___ ENTRIES SUPPLIED ___

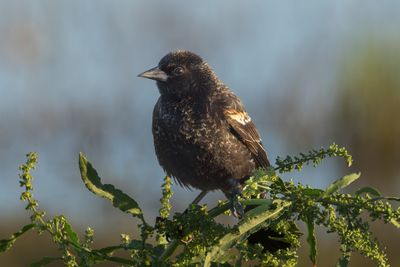 Red-winged Blackbird
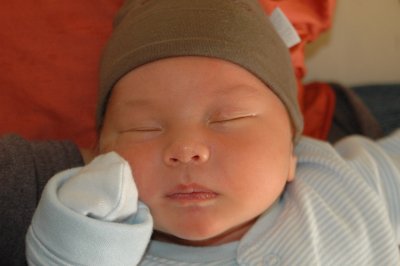 2 weeks old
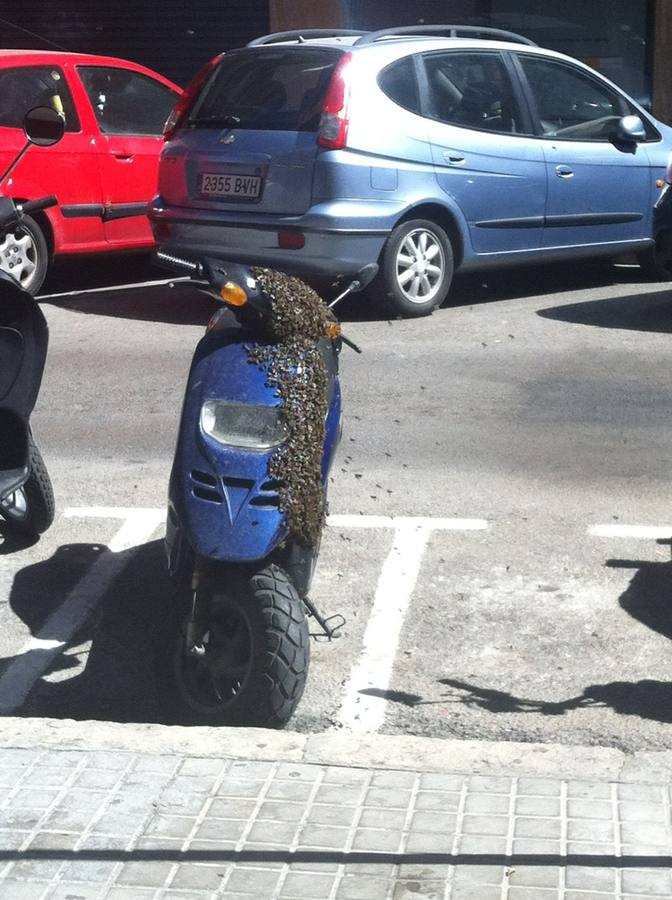 Un enjambre de abejas en una moto moviliza a los bomberos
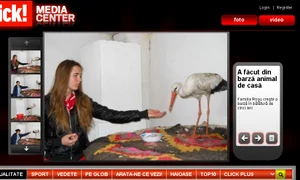 Barză jpeg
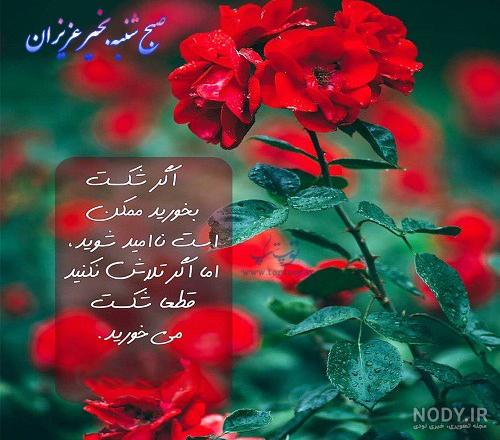 عکس صبح بخیر نوروزی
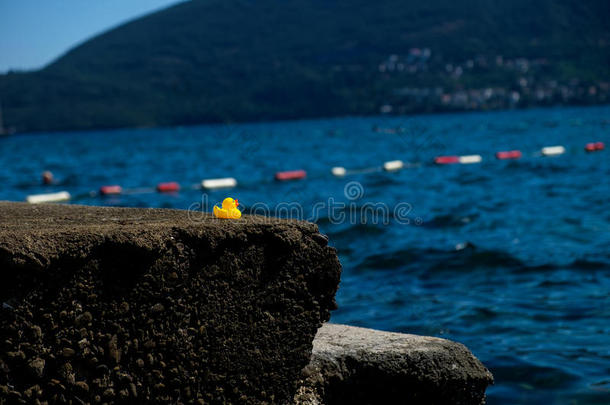 黄色的橡胶鸭子在阿霉素海海滩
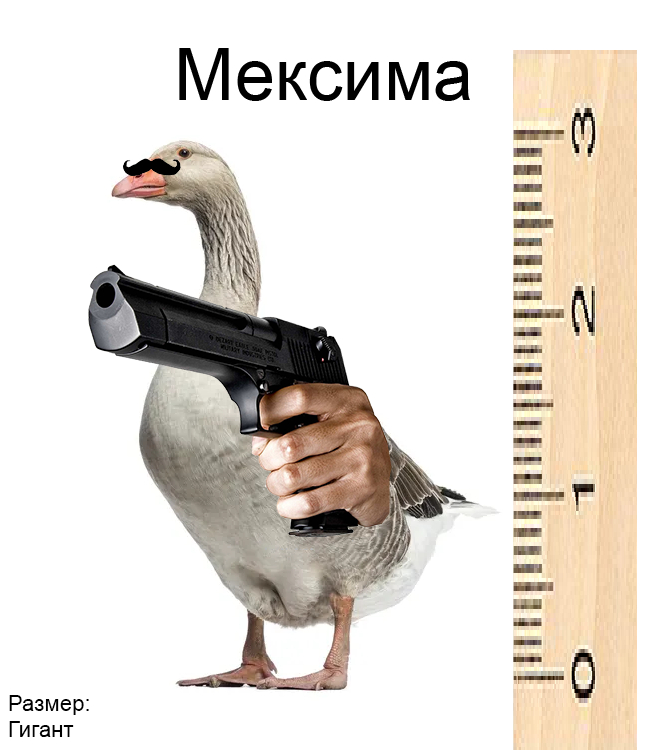   , , 
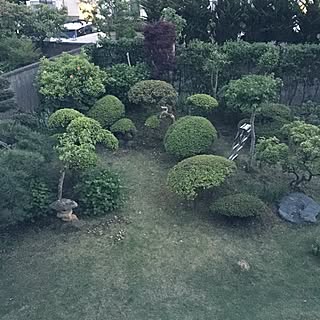 玄関/入り口/剪定は叔父まかせ/剪定/庭の植物たち/庭は日本庭園が広がってます！...などのインテリア実例 - 2017-05-15 10:35:01
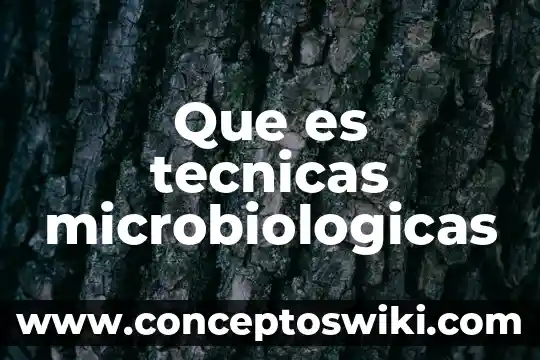 Qué es sita ejemplos de técnicas informáticas con sentido social 7 Que es tecnicas microbiologicas
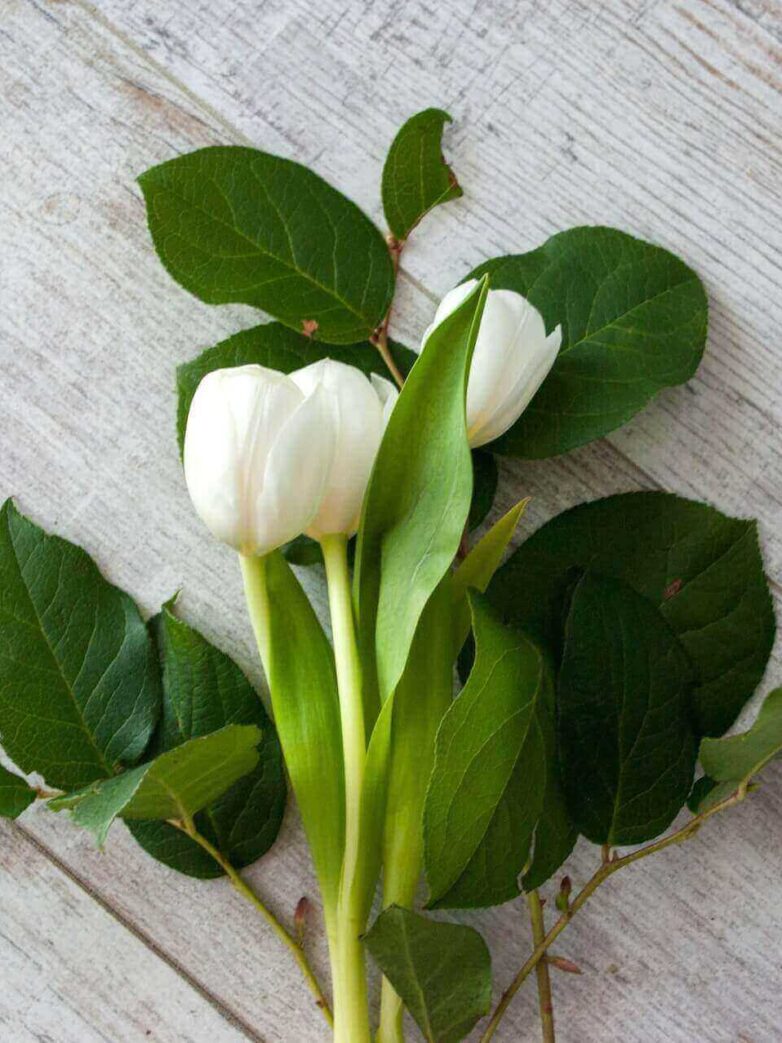 Second Trimester: Week 15 Pregnancy Recap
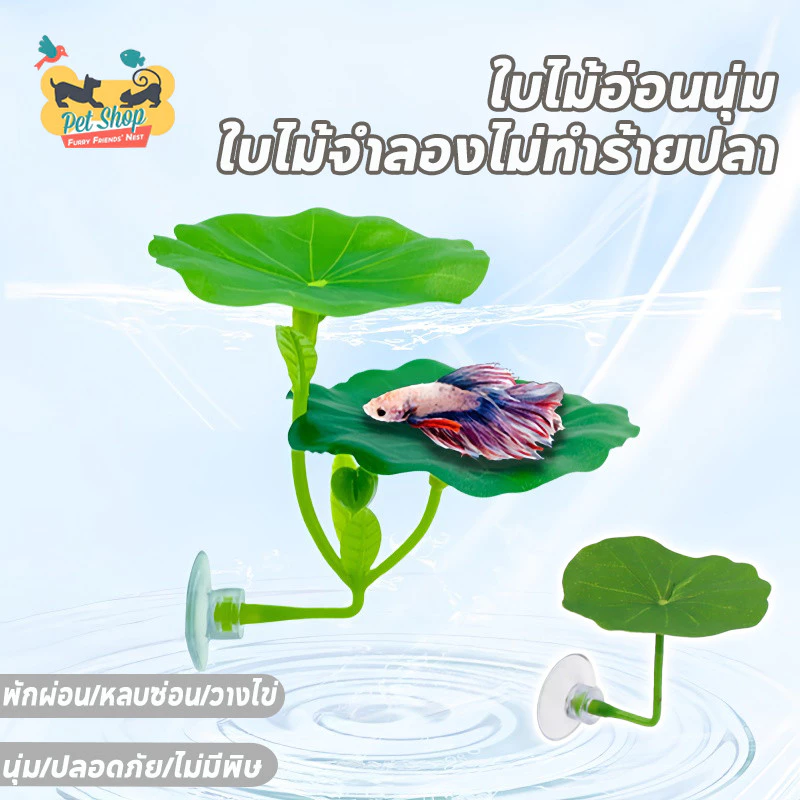 การตกแต่งตู้ปลา ใบไม้ปลอม ใบบัวจำลอง ปล่อยให้ปลาได้พัก การวางไข่ พืชน้ำจำลอง
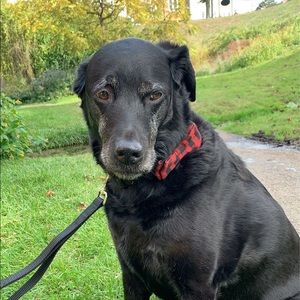 Meet your Posher, Jamie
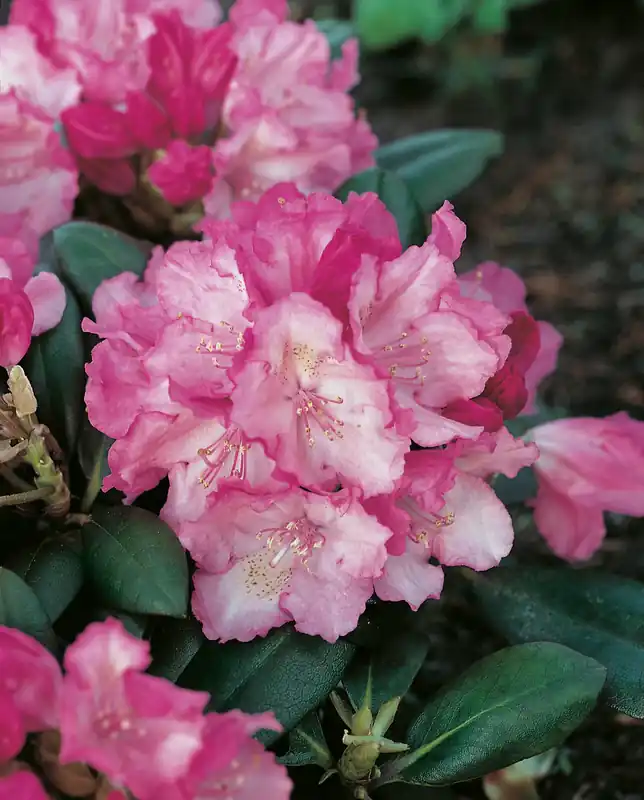 Rhododendron ‘Polaris‘, 30-40 cm, 1-pack | Kampanjpris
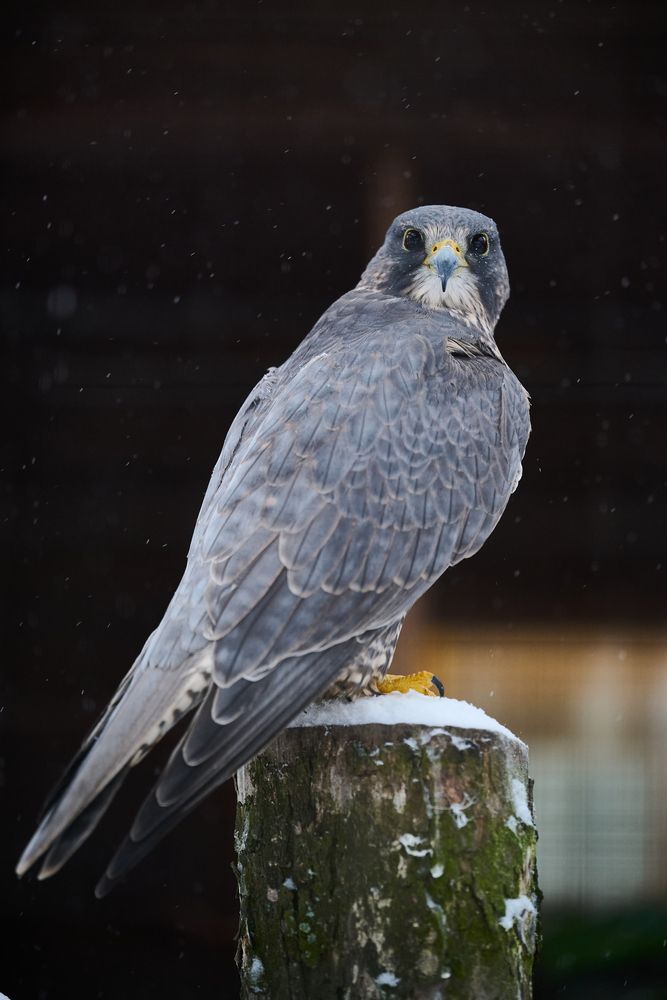 Photograph by Александр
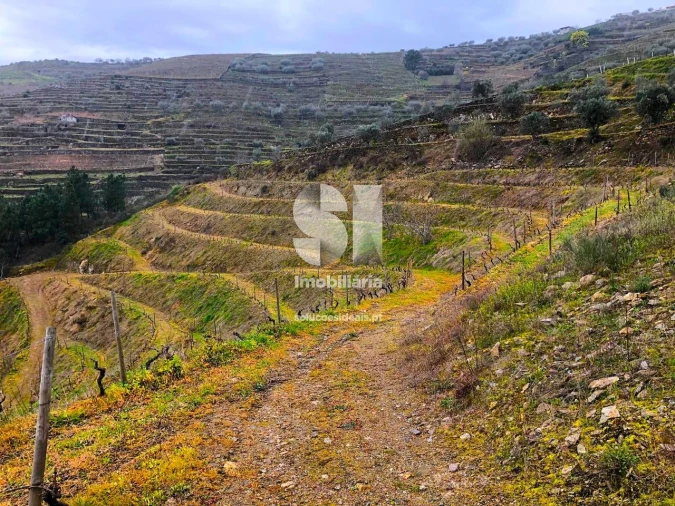 Terreno para Venda em Candedo Foto 14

___

[TO DO]: Copy only the lines running from the one that holds "Photograph by Александр" through the last line of the data, and include both of those lines. Do not copy any pictures.

[SOLUTION TO THE PROBLEM]:
 Photograph by Александр
 Terreno para Venda em Candedo Foto 14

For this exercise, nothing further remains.